Brace yourself for lower gold prices.
A technical analyst advises investors to sell their gold holdings now because no more rally is expected.
In written remarks to CNBC on Monday, Oppenheimer’s Ari Wald said bullion’s recent breach of its long-term downtrend reminds him of 1999, when gold rose powerfully in a short period of time to break out of a period of progressively lower prices.
“While that certainly set up a better trading environment, it wasn’t off to the races in 1999,” Wald said. (Source: “For gold, it’s 1999 all over again: Technician,” CNBC, March 15, 2016.)
A similar chart pattern has unfolded itself this time around, he said. Consequently, he predicts only mild gains at best for the yellow metal for the remainder of the year.
“There are signs of selling pressure at $1,280,” he said, adding that he is not exactly bearish on gold, either—citing support on the chart just below $1,200.
Since the beginning of the year, gold has gained 18.5%, making it the 2016 best-performing investment. The metal touched a one-year high of $1,287.80 on March 11.

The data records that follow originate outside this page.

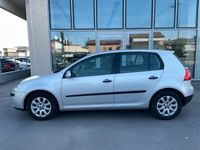 usata VW Golf V Golf 1.6 16V FSI 5p. Comfortline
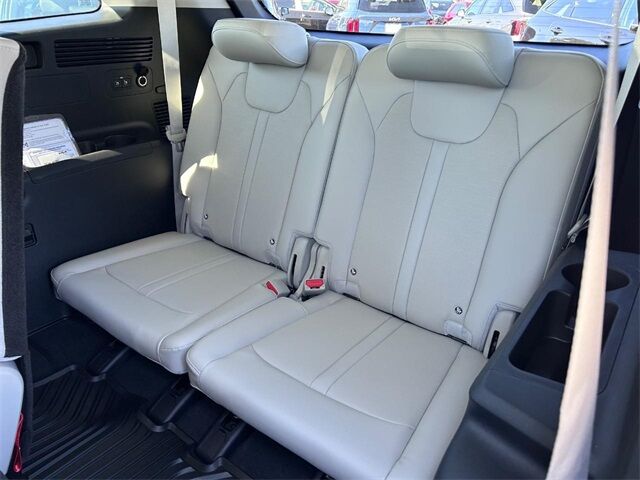 2026 Kia Sorento EX Cape Girardeau MO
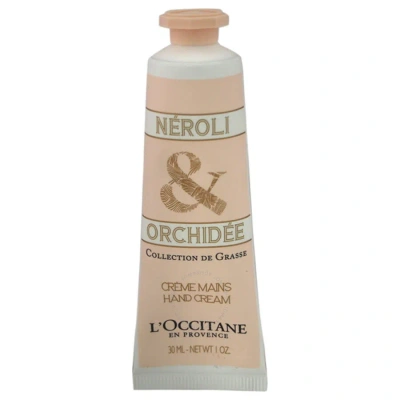 L'occitane Ladies Neroli & Orchidee Cream 1 oz Hand Cream Skin Care 3253581462256 In White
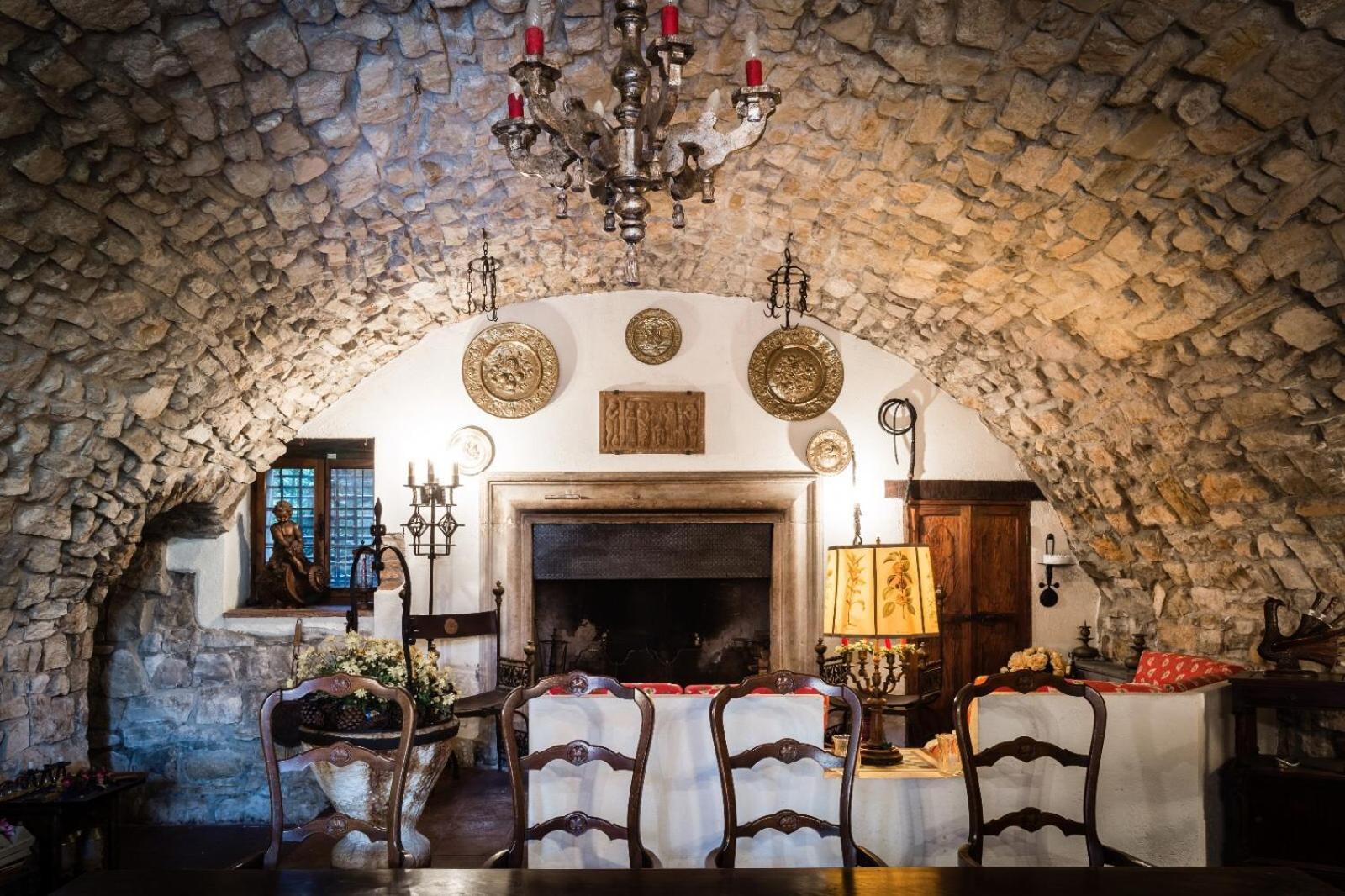 Torre De Salis Bed and Breakfast Gussago Εξωτερικό φωτογραφία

Another analyst, on the other hand, believes the current environment is bullish for gold prices.
“In a day and age where cash doesn’t yield anything, gold looks very, very attractive, and I think that’s why you’re seeing this very strong bid underneath gold,” Boris Schlossberg of BK Asset Management told CNBC on Monday.
Schlossberg recommended buying the popular SDPR Gold Trust ETF (NYSEArca:GLD), which has seen massive inflows this year. GLD was hovering around $120.50 on Wednesday. (Source: Ibid.)